Monday, November 15, 2021

The politics of COVID-19

It's very sad, in fact it's tragic that COVID-19 is being politicized.  COVID is a matter of public health.  The most important thing is to protect people from the disease.  Unfortunately, those on the far right are using masks and vaccines to express their anti-government political beliefs.  They rail against such protective measures.  "The government can't tell us what to do," they whine.  What about our freedom!"  Oh yes, their precious freedom to infect others is sacrosanct.  Their freedom to cause themselves and others to die must be defended.  

Some anti-vaxxers are so extreme that they would die or have someone else die in order to protect their warped concept of freedom.  Almost nothing can be done to change their minds. So, the rest of us have to suffer because of their delusions.  I could tell a right-wing anti-vaxxer over and over again that freedom is not absolute.  I could tell them ad infinitum that they don't have the right to harm others.  They will seldom listen.  

The right-wing anti-vaxxers are not necessarily uneducated individuals.  Take Senator Ted Cruz for instance.  He's a graduate of Princeton University and Harvard Law School.  So, what has been concerning him lately?  Climate change?  The pandemic?  Inflation?  Homelessness and poverty?  Health care?  Why, of course not!  He's in an a terrible tizzy over that awful Big Bird on Sesame StreetThat yellow Muppet has some nerve!   He's encouraging children to get vaccinated.  The horror!  That dastardly bird actually declared that he had received the COVID-19 vaccine.  He then  remarked, "My wing is feeling a little sore, but it'll give my body an extra protective boost that keeps me and others healthy."  That's when the Texas Republican took immediate action.  "Government propaganda . . . for your 5-year-old!" Cruz tweeted.  

My! My!  What a hero!  What a patriot, that Ted Cruz!  He's protecting children from becoming brain-washed.  Where was Senator Cruz last winter when millions of people in Texas were without water or power due to a storm,  He was on a family vacation in Cancun, Mexico, while his constituents froze in the dark.  He later called it a "mistake.", but such thoughtlessness shouldn't have happened in the first place.  Would he even have acknowledged his "mistake" if he hadn't been caught with his fingers in the cookie jar?  It wasn't a tiny error either.  Ted Cruz abandoned millions of people who were suffering from a disaster.


Football star Aaron Rodgers is another example.  Rodgers is the quarterback for the Green Bay Packers.  He attended Butte College and the University of California, Berkeley.  He was also knowledgeable enough to be a guest host on the popular game show Jeopardy!  You'd think he would have known better than not to protect himself and other from COVID.  Such was not the case.  Rodgers said he had been vaccinated when he hadn't.  Then he tested positive for the virus.  While unvaccinated, he violated COVID protocol and appeared unmasked at postgame press conferences.  


Aaron Rodgers

Rodgers denied that he was an anti-vaxxer.
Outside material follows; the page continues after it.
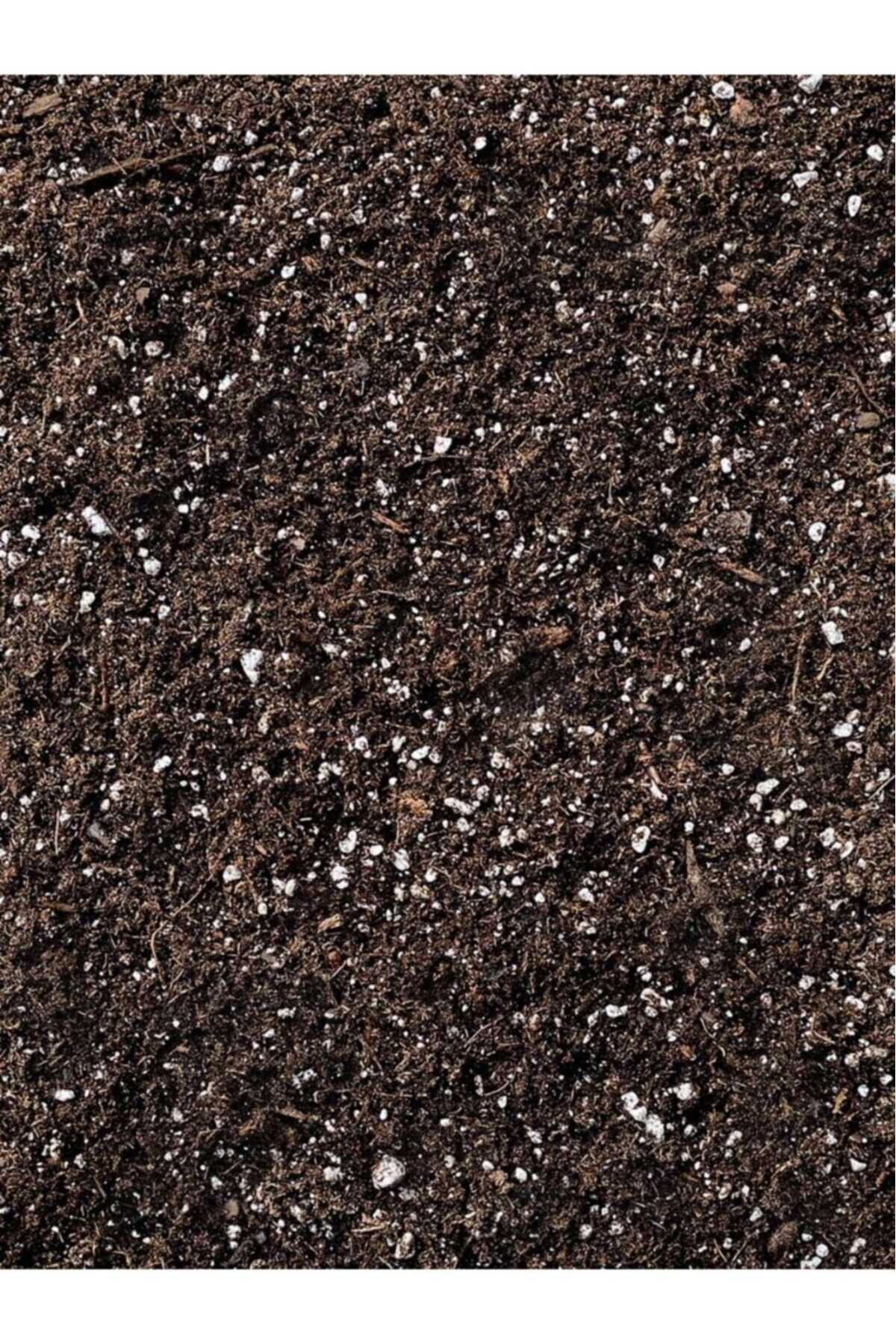 Dört Karışımlı Özel Bitki Toprağı İç Dış Mekan Kullanımına Uygun 10 LT 3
He claimed that he had an "allergy to an ingredient that's in the mRNA vaccines."  Then he said that he did his own research with the assistance of reliable conspiracy-minded podcaster Joe Regan.  He also spouted the usual right-wing rhetoric about "cancel culture" and "the woke mob."         

If it weren't for the anti-vaxxers, the world would certainly b much further ahead in the fight against COVID-19.  What a shame!  It's a good thing they weren't around back when the polio vaccine came out.